Several former technicians described patients attacking each other or ganging up to victimize one patient. Four former staffers, in separate interviews, alleged that the most violent patients were typically those who had been at the hospital for several weeks, months or sometimes years. They added that the patients with the longest stays were often children involved in the foster care system.
Nicole worried for her son’s safety during his 11-day hospitalization, describing Henry as small for his age and fragile, due to Ehlers-Danlos syndrome, a condition that affects the skin and joints. She alleged in a complaint to the state that her son was attacked, was called sexualized names and asked to perform sex acts by other patients in Brynn Marr’s children's unit. Nicole said there were times when she could hear yelling and alarms in the background as she talked to her son on the phone.
“Every time I talked to him, he was crying, sobbing, begging to come home,” she said.
One day, Henry called his mom in tears saying that a patient who had been bullying him had pushed him down and punched him in the face multiple times before staff intervened. He told his mother that his jaw hurt and his ears were ringing. The nurse told Nicole that it was an unprovoked attack and that she would try to have the aggressor moved to a different unit, the mother claimed. However Henry told his mother that the patient was never moved.
When Nicole picked Henry up from the hospital, she said he had bruises on his face. Their family doctor determined that Henry had a concussion and referred him to a concussion clinic where Henry attended physical therapy sessions to correct some issues related to balance, according to medical records NC Health News reviewed with permission.
“It blew my mind that he could be in a medical facility and sustain a concussion and get zero treatment for it,” Nicole said.

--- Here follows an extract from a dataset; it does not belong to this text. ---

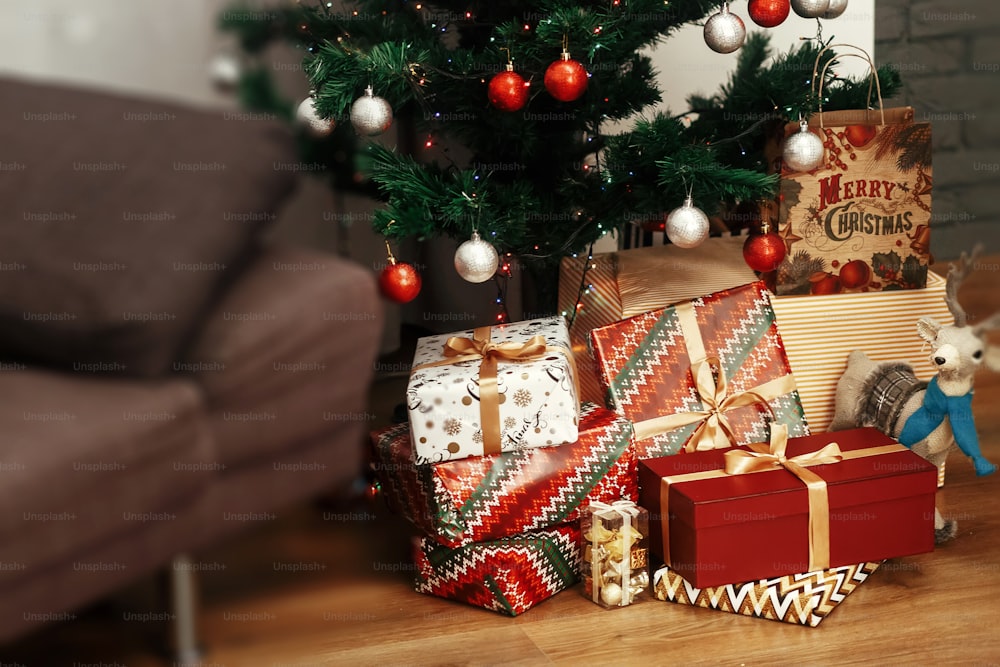 Regali di Natale avvolti in scatole regalo colorate e nastri dorati, sdraiati sullo sfondo del pavimento in legno sotto l'albero di Natale verde con decorazione ornamentale d'argento, concetto di biglietto d'auguri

Some patients were traumatized from witnessing frequent assaults or being caught up in the chaos themselves, according to former staff members.
‘I want to call my mom’
Emma Davies, a former mental health technician, described a 2020 incident during which she was taking a child’s vital signs and the patient suddenly pushed the blood pressure machine into her.
“We were trying to restrain her because she was trying to attack everybody,” Davies said. “Mental health techs were bit, scratched, spit on. Someone’s glasses were broken. I was kicked in the chest. And all they did was medicate her until she fell asleep pretty much and then put her to bed. Their [the patients’] needs were not being addressed.”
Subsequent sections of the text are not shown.